Дня за два до выписки матери из роддома он потащил меня с собой. У синего ларька, прилипшего к глухой обшарпанной стене, теснились алкаши. Отец взял стакан «Волжского» – до сих пор помню название и терпкий вкус этого первого в моей жизни вина. «Сладкое», – сказал, отпив глоток. Под мышкой моего довольного собутыльника торчал сверток. После второго стакана он повел меня на прибазарную площадь, где в этот вечерний час торговали семечками и цветами из вощеной бумаги. В свертке оказался отрез на платье. Мать любила приглушенные цвета – шерсть была темно-синей, с крохотными звездочками. Теперь оставшийся без присмотра муженек пытался продать ее. Он делал жалкое лицо и печально объяснял всем, что оказался с ребенком – то бишь со мной – в трудном, прямо-таки безвыходном положении. «Скажи, скажи, – дергал он меня за руку, – где твоя мать». И я говорил, едва ли не с гордостью: в больнице.

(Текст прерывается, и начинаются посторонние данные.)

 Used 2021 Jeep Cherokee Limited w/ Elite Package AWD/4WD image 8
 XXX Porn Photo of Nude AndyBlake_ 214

Отрез купили – за половину цены, если не за четверть, и папаша повел меня в привокзальный ресторанчик. Взял шоколадных конфет, пирожных и полную тарелку обжигающих, влажно блестевших сосисок. Я показал глазами на вино – мне хотелось сделать ему приятное. Он обрадовался и, оглядевшись, отлил мне четверть стакана.

По дороге домой мы орали песни и целовались – плешивый забулдыга и обалдевший от счастья одиннадцатилетний мальчуган, разом обретший и отца, и взрослую свободу, и доверие настоящего мужчины, которым рисовался мне в эти минуты мой приемный родитель. А через два дня настоящий мужчина валялся в ногах у своей жены, вымаливая прощение. Я молчал и, насколько помню, виновным себя не чувствовал – лишь позже в полной мере осознал свое пусть пассивное, но все-таки пособничество.